*THE PROBLEM*.
Reproduce the records that follow exactly as they appear.

*DATA FOR REVIEW*.
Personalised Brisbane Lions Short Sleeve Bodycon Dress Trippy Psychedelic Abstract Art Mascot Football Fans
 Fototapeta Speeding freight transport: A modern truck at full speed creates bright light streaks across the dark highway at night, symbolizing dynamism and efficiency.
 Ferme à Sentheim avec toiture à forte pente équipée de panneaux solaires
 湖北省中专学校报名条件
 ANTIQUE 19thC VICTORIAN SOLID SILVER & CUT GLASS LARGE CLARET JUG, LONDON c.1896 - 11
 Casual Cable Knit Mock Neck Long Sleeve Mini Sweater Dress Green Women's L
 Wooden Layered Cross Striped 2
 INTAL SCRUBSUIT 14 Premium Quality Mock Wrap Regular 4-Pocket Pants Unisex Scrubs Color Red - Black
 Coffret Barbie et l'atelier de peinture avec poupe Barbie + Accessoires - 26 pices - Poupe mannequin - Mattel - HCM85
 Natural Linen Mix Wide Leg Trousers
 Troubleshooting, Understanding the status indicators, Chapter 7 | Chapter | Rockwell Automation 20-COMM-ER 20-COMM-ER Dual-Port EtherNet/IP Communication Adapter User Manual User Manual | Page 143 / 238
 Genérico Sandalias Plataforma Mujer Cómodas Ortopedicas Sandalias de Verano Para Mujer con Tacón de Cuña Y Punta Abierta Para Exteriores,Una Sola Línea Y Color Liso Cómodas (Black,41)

*WRITTEN RESPONSE*.
Personalised Brisbane Lions Short Sleeve Bodycon Dress Trippy Psychedelic Abstract Art Mascot Football Fans
 Fototapeta Speeding freight transport: A modern truck at full speed creates bright light streaks across the dark highway at night, symbolizing dynamism and efficiency.
 Ferme à Sentheim avec toiture à forte pente équipée de panneaux solaires
 湖北省中专学校报名条件
 ANTIQUE 19thC VICTORIAN SOLID SILVER & CUT GLASS LARGE CLARET JUG, LONDON c.1896 - 11
 Casual Cable Knit Mock Neck Long Sleeve Mini Sweater Dress Green Women's L
 Wooden Layered Cross Striped 2
 INTAL SCRUBSUIT 14 Premium Quality Mock Wrap Regular 4-Pocket Pants Unisex Scrubs Color Red - Black
 Coffret Barbie et l'atelier de peinture avec poupe Barbie + Accessoires - 26 pices - Poupe mannequin - Mattel - HCM85
 Natural Linen Mix Wide Leg Trousers
 Troubleshooting, Understanding the status indicators, Chapter 7 | Chapter | Rockwell Automation 20-COMM-ER 20-COMM-ER Dual-Port EtherNet/IP Communication Adapter User Manual User Manual | Page 143 / 238
 Genérico Sandalias Plataforma Mujer Cómodas Ortopedicas Sandalias de Verano Para Mujer con Tacón de Cuña Y Punta Abierta Para Exteriores,Una Sola Línea Y Color Liso Cómodas (Black,41)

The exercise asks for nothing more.